There was still time for a little bit of drama when Izaguirre was red carded for hacking down Weiss and El Hadji Diouf turned into a parody of himself yet again for theatrics towards the end of the game.
Sadly, the game was finished at 2-1 and we didn’t have it in us to mount a comeback. Celtic, once more at Hampden, let the fans down and question marks hung over Lennon’s ability to win games when it mattered on the big occasion.
After the match, me and my granda and many other Celtic fans were subjected to ridiculous treatment from the police, who wouldn’t let us get access to the street my mum lives at near the stadium, for 50 minutes, even though no Rangers fans were in the vicinity. Quite ridiculous. Of course, no one recorded this and set up a sympathy group for us lot being the victims of over the top policing. In the end, I complained to the Aikenhead Road station, who sent me a letter a few weeks later apologising for the disruption. In hindsight, I should have went on and on about how oppressed and hassled I was. I might have fitted in with more of the support instead of being viewed as an ‘outsider’.
So, with my birthday already in the gutter thanks to the team, I headed off to my folks for a Chinese and some ‘cake’. I’m rubbish with birthday cake presentations. I hit a massive beamer.
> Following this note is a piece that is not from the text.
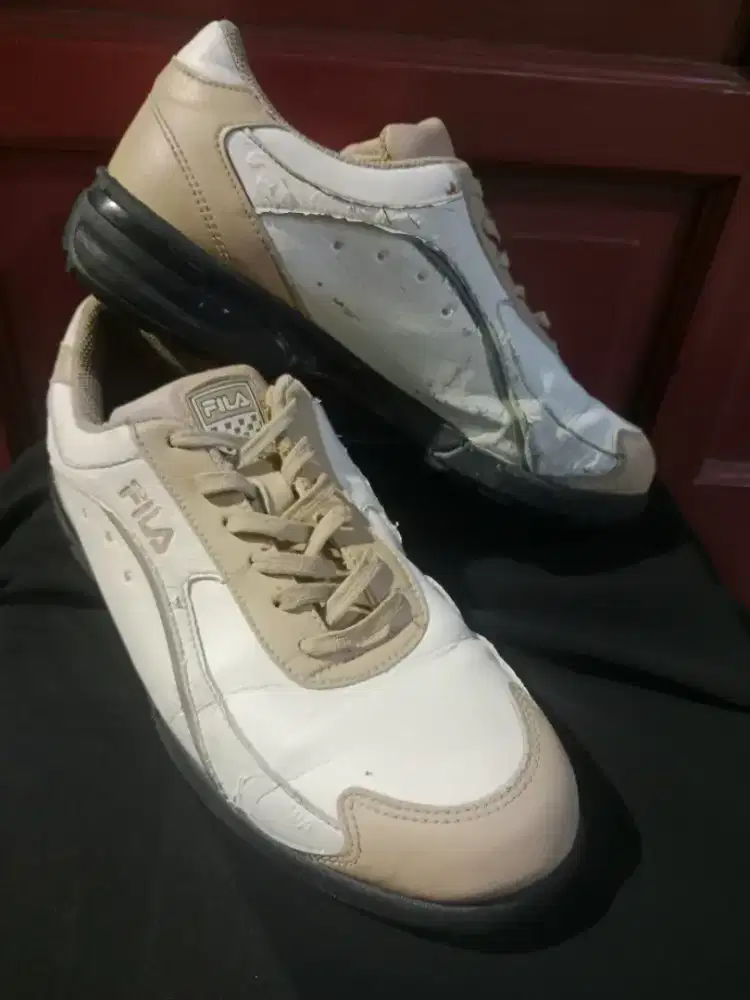 sepatu second FILA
I start looking for a corner to sit in and get it over and done with. I’ve never spoken to any professional about it. Maybe I should. Maybe I should just man up. Even though I was a cowering whimpering mess, I still wasn’t as meek as the team at Hampden hours earlier.
Thankfully, we went onto have better success at Hampden that season when we won the Scottish Cup in 2011 against Motherwell. Since then however, it’s been as bleak as Bomber Brown’s breath in the morning.